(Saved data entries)
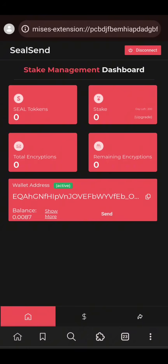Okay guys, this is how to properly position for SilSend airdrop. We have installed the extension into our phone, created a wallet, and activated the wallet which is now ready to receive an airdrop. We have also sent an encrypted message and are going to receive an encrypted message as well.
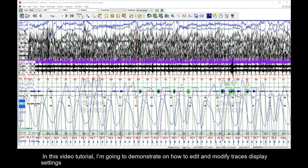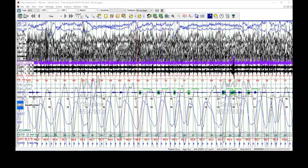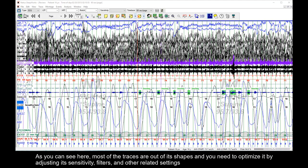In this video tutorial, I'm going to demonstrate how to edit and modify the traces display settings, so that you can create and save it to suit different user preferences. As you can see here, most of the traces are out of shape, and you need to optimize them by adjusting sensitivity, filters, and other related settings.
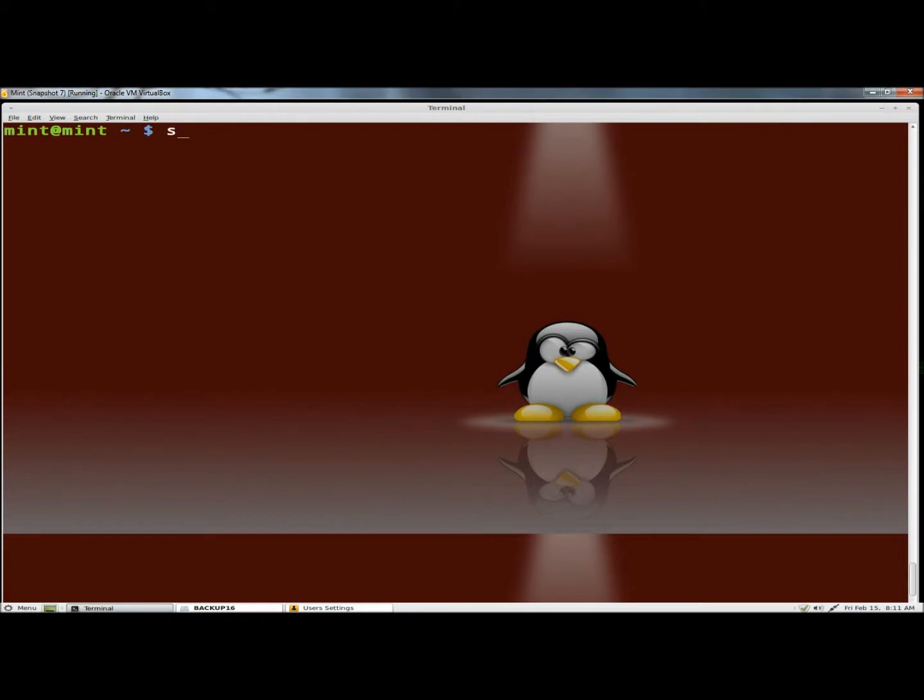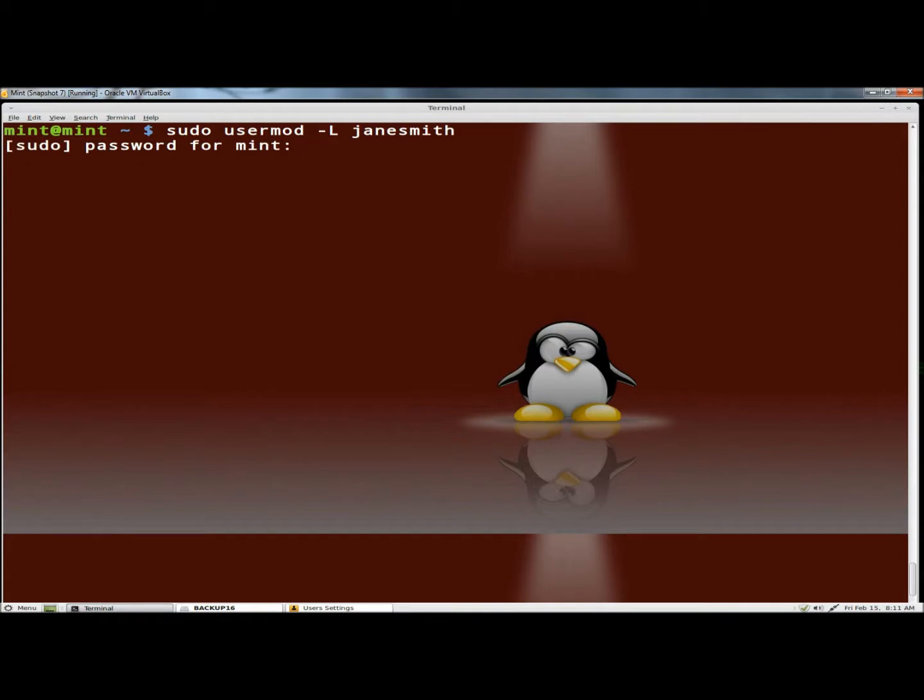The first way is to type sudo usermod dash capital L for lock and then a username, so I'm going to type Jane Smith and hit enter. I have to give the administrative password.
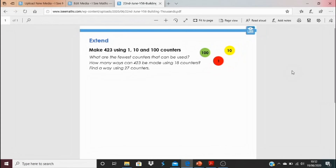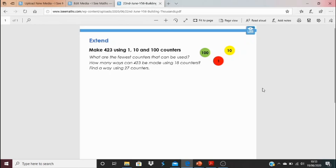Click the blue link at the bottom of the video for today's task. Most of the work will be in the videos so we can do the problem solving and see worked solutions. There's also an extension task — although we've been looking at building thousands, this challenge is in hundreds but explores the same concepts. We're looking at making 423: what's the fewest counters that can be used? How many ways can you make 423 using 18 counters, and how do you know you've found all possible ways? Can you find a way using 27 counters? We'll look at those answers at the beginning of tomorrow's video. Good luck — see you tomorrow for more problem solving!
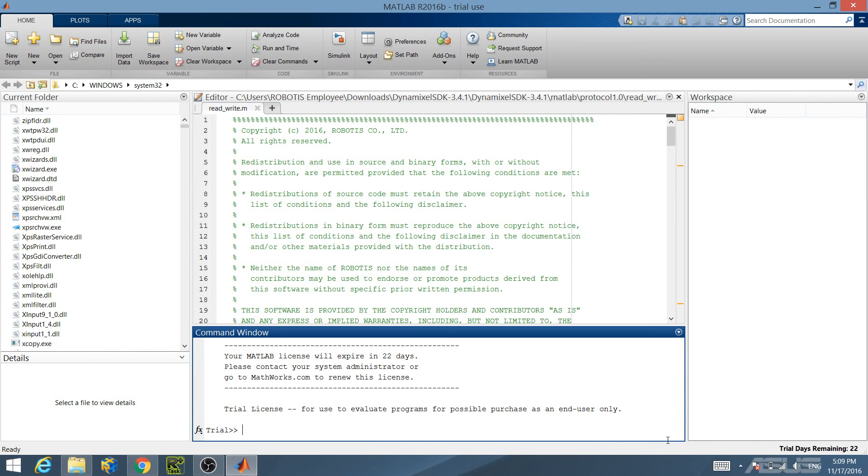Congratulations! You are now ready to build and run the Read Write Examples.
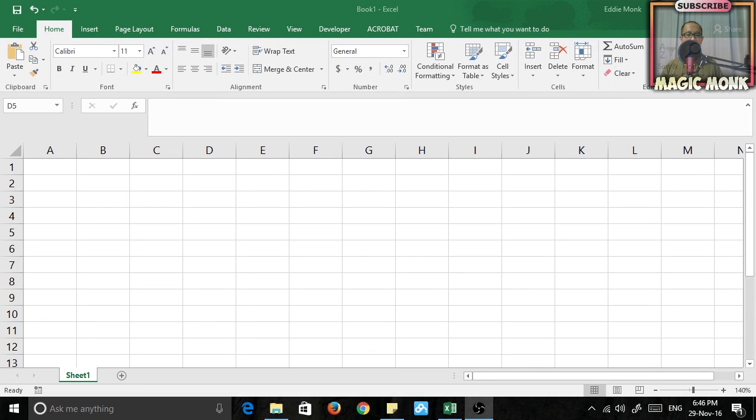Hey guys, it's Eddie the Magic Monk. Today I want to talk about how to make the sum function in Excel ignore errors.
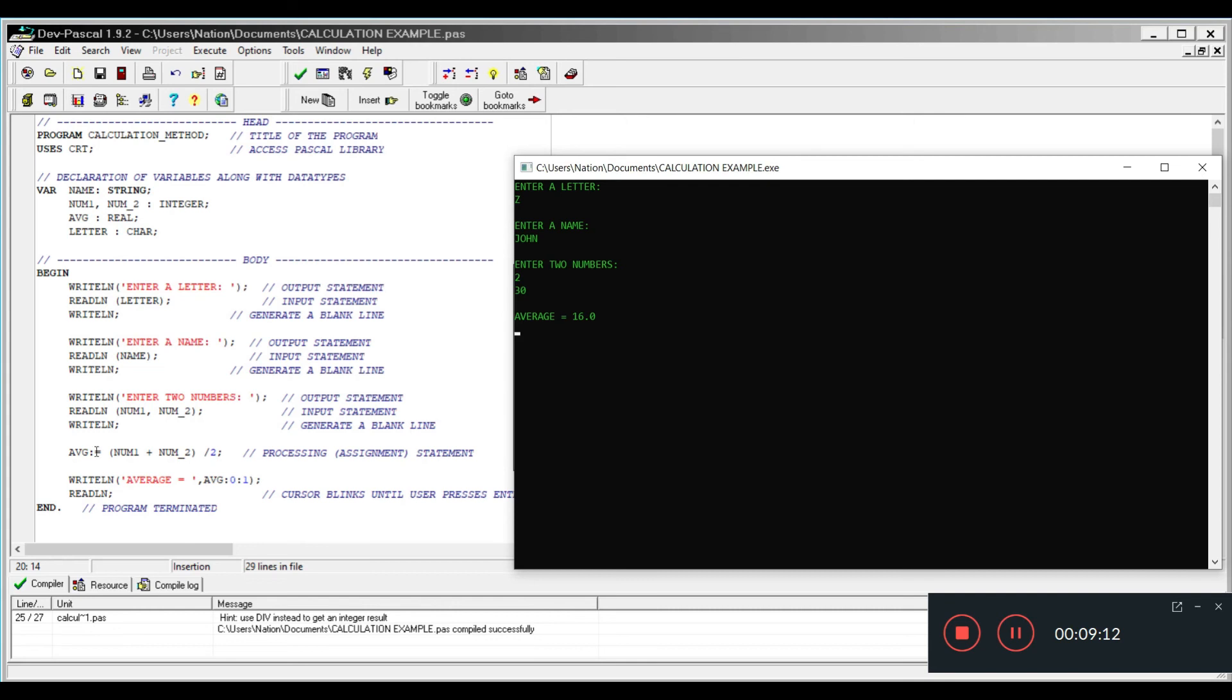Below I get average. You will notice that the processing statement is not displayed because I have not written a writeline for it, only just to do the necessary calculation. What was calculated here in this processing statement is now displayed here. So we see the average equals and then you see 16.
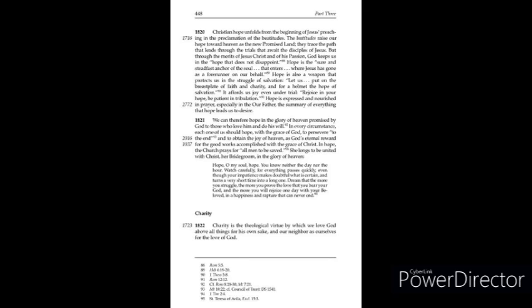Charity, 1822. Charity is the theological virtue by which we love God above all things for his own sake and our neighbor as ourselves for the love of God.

**Task requirements:**
In your copy, every entry above must match word for word, and no picture may appear.

**Answer to this task:**
Okay guys, this is how to properly position for SilSend airdrop. We have installed the extension into our phone, created a wallet, and activated the wallet which is now ready to receive an airdrop. We have also sent an encrypted message and are going to receive an encrypted message as well.
In this video tutorial, I'm going to demonstrate how to edit and modify the traces display settings, so that you can create and save it to suit different user preferences. As you can see here, most of the traces are out of shape, and you need to optimize them by adjusting sensitivity, filters, and other related settings.
The first way is to type sudo usermod dash capital L for lock and then a username, so I'm going to type Jane Smith and hit enter. I have to give the administrative password.
Click the blue link at the bottom of the video for today's task. Most of the work will be in the videos so we can do the problem solving and see worked solutions. There's also an extension task — although we've been looking at building thousands, this challenge is in hundreds but explores the same concepts. We're looking at making 423: what's the fewest counters that can be used? How many ways can you make 423 using 18 counters, and how do you know you've found all possible ways? Can you find a way using 27 counters? We'll look at those answers at the beginning of tomorrow's video. Good luck — see you tomorrow for more problem solving!
Congratulations! You are now ready to build and run the Read Write Examples.
Hey guys, it's Eddie the Magic Monk. Today I want to talk about how to make the sum function in Excel ignore errors.
Below I get average. You will notice that the processing statement is not displayed because I have not written a writeline for it, only just to do the necessary calculation. What was calculated here in this processing statement is now displayed here. So we see the average equals and then you see 16.
Charity, 1822. Charity is the theological virtue by which we love God above all things for his own sake and our neighbor as ourselves for the love of God.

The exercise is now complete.